WHAT THE TASK REQUIRES:
Output the data below exactly, without images.

(PROVIDED MATERIAL)

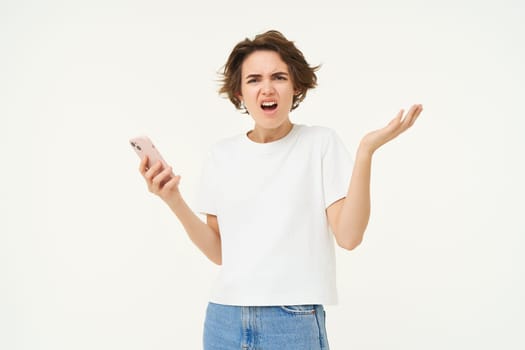 Portrait of confused and upset young woman, holding smartphone, shrugging shoulders and complaining at something online, standing over white background.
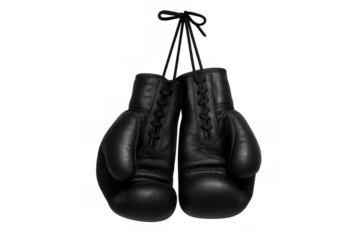 Pair of vintage black leather boxing gloves hanging by laces, symbolizing boxing, fighting, and combat sports. Transparent background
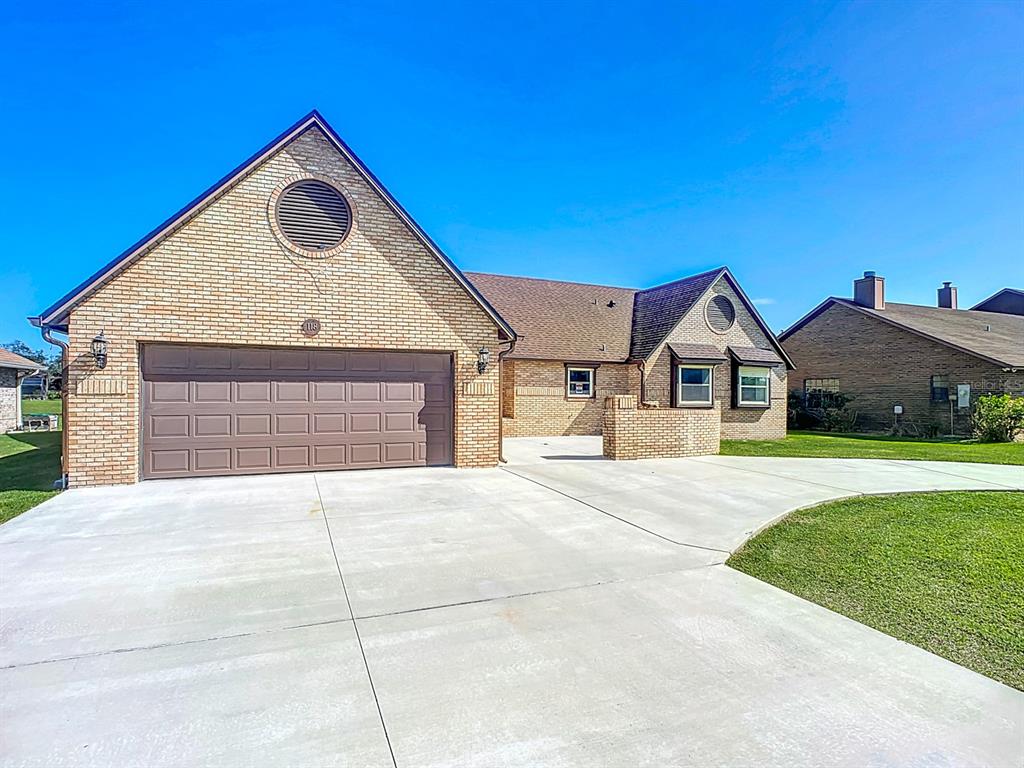 a view of house with outdoor space and parking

(End PROVIDED MATERIAL)

EXERCISE SOLUTION:
 Portrait of confused and upset young woman, holding smartphone, shrugging shoulders and complaining at something online, standing over white background.
 Pair of vintage black leather boxing gloves hanging by laces, symbolizing boxing, fighting, and combat sports. Transparent background
 a view of house with outdoor space and parking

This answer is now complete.